Auf der überbetrieblichen Ebene stellen Plattformunternehmen wie Uber, Lieferando oder Amazon nicht länger Fahrer, Zustellerinnen oder Boten ein, sondern vermitteln sie, als Scheinselbstständige, als Auftragnehmerinnen mit Netzanschluss, bei Uber mit eigenem Auto und auf eigene Rechnung. Aber wenn sie nicht „performen“ oder zu selten Lust haben zu arbeiten, verweigert ihnen die Plattform die Vermittlung. Uber dirigiert die Fahrer in jeder Hinsicht wie Angestellte, zahlt weder Lohn noch Sozialleistungen und kassiert oft mehr als 30 Prozent des Fahrpreises für die Vermittlung – und das Ganze wird verkauft mit dem Slogan: Sei dein eigener Chef, teile deine Arbeit selbst ein.

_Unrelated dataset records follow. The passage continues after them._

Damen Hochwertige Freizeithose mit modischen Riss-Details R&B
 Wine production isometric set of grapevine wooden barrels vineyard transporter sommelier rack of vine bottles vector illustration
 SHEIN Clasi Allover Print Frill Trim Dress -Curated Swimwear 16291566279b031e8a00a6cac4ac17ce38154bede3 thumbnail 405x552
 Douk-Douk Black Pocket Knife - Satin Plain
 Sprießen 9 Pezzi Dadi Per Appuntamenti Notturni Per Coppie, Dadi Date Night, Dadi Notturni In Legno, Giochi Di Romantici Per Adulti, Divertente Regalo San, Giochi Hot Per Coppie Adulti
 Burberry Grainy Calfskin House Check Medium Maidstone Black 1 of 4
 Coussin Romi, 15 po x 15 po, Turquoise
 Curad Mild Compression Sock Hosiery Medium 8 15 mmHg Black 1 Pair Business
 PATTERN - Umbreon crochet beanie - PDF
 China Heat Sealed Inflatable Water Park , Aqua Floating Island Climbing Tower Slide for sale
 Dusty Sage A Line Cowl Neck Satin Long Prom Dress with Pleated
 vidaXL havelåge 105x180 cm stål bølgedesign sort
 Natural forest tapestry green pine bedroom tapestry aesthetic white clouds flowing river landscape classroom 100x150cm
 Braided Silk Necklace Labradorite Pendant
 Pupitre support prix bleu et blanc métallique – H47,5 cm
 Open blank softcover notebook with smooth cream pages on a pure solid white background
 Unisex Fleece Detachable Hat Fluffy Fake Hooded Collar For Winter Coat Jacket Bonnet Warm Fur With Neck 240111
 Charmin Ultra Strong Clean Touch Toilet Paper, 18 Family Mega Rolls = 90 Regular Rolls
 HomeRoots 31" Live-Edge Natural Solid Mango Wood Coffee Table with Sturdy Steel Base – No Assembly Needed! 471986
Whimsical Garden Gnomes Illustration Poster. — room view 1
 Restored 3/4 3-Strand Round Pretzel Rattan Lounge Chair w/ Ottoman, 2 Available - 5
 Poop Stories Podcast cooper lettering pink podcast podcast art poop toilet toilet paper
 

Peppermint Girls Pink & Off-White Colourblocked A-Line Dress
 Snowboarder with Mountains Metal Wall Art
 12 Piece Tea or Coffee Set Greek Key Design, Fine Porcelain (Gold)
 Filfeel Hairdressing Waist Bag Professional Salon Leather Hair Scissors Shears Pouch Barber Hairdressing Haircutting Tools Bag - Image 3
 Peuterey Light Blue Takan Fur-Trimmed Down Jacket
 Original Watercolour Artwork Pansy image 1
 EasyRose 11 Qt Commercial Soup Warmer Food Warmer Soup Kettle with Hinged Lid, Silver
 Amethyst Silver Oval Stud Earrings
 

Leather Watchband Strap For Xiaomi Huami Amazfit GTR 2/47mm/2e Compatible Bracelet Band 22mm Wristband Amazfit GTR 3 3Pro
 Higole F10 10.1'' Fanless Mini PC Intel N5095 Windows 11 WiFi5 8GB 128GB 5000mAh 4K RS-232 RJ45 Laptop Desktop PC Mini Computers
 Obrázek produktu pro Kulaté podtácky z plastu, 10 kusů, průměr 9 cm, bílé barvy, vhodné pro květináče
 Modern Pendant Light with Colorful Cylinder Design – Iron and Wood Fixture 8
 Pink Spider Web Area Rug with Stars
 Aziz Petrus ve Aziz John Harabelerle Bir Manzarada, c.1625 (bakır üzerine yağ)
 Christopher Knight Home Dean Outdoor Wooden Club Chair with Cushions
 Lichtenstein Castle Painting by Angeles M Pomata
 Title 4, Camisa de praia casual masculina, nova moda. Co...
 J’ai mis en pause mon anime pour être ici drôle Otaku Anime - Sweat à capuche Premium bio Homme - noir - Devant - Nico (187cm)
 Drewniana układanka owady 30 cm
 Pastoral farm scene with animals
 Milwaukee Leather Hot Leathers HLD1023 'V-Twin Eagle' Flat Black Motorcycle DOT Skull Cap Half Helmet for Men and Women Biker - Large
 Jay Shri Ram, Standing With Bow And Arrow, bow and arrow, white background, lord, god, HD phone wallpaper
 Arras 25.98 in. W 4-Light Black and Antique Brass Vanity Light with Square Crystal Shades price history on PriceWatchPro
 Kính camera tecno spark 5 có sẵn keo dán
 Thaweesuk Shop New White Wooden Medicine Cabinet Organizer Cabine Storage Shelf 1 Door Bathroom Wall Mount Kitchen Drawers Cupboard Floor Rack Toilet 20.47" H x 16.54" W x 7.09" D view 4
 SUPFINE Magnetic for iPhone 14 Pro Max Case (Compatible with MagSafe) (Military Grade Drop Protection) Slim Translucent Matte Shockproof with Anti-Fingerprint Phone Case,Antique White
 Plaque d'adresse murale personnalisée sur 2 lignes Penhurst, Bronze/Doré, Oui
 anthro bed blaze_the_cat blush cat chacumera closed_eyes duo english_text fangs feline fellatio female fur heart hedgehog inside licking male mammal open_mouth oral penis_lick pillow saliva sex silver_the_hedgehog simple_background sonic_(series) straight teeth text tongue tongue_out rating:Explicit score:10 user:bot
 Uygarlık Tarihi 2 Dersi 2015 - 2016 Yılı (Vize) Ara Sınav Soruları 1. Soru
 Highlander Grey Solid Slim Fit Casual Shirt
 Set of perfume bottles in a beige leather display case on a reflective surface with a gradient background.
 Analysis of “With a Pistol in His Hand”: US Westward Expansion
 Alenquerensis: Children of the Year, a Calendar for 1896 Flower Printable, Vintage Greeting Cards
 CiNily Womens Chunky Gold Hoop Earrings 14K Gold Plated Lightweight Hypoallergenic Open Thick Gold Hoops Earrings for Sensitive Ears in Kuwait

Digitale Dienstleister spalten komplexe Arbeitsvorgänge in tausende von kleinen Aufträgen auf, die an hunderten von Orten, in Heimarbeit, überall auf der Welt bearbeitet werden können. So werten in Venezuela Familien an den Küchentischen Millionen von Fotos mit Verkehrssituationen aus – und legen damit den Grund für die Entwicklung des sogenannten autonomen Fahrens.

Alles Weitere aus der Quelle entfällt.